Reporting by Ana Isabel Martinez / Reuters
Petroleumworld 05 22 2019
Mexican state oil company Pemex is striving to increase oil production by 1 million barrels per day (bpd) by the end of 2024 by developing existing oilfields and others yet to be discovered, the company's chief executive said.
If the target is met, the heavily indebted company will surpass President Andres Manuel Lopez Obrador's goal of ending his term with oil production of 2.4 million bpd, well above the current level of 1.7 million bpd.

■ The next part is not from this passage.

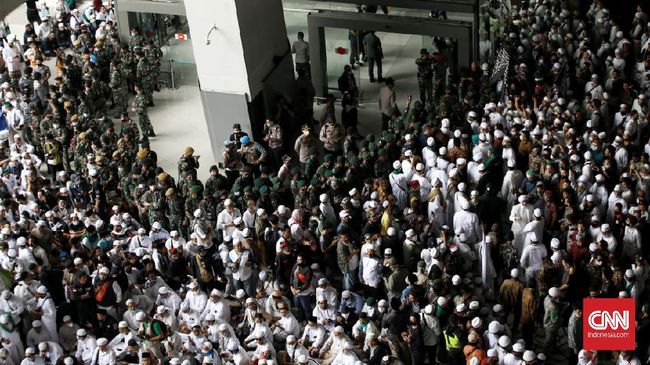 Massa Berebut Cium Tangan Rizieq Massa Berebut Cium Tangan Rizieqi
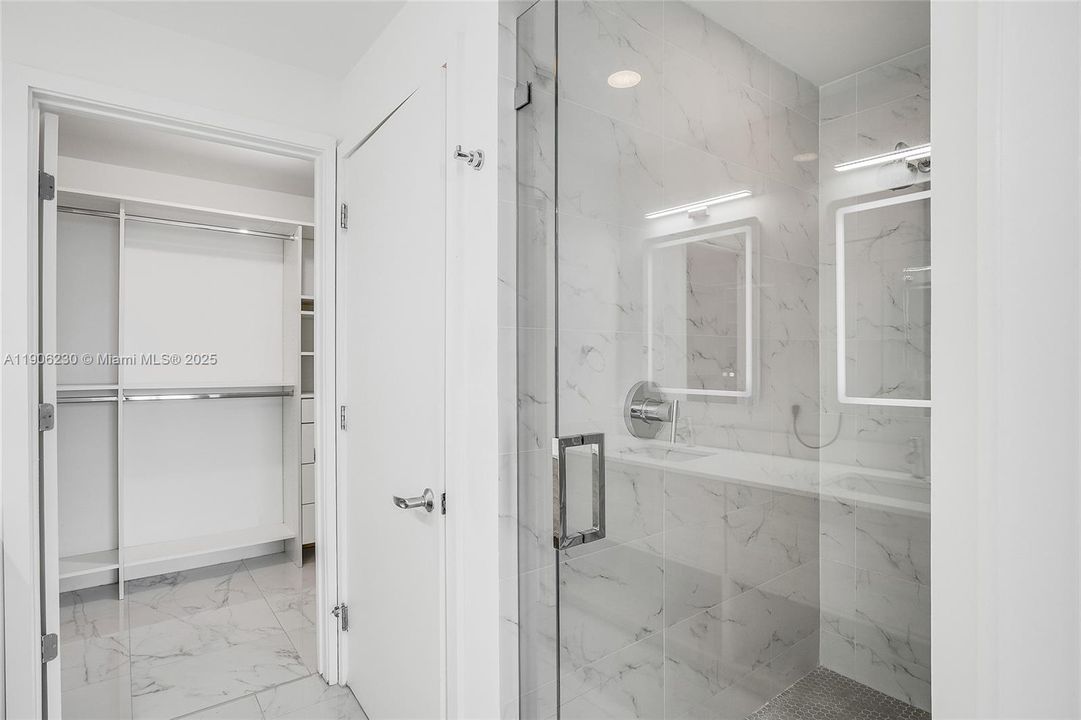 Active With Contract: $529,900 (1 beds, 2 baths, 937 Square Feet)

Pemex Chief Executive Octavio Romero said the company is developing 20 new fields, including Ixachi, in the southeastern state of Veracruz, which could yield 1.3 billion barrels of potential reserves, according to updated figures.
“Ixachi and the rest of the fields under development will achieve production of around 320,000 bpd of oil and 900 million cubic feet (daily) of gas by the end of 2021,” Romero said at an event.
He added that further production will result from sites already in exploration.
“With this, we estimate reaching production of more than 1 million bpd of oil and 2,700 million cubic feet of gas at the end of this administration,” said Romero. “We are working intensely on all possible plans with authorized investment.”
With an estimated $106 billion in financial debt, Pemex is under intense scrutiny from credit ratings agencies.
Analysts and experts have said the company needs to increase its spending on exploration and production to discover reserves and develop them, halting the firm's long-running decline in output.
The administration of Lopez Obrador, who took office in December, has taken several measures to shore up the company's finances. Lopez Obrador has said Pemex was in ruins when he took office due to corruption and the neoliberal policies of previous administrations.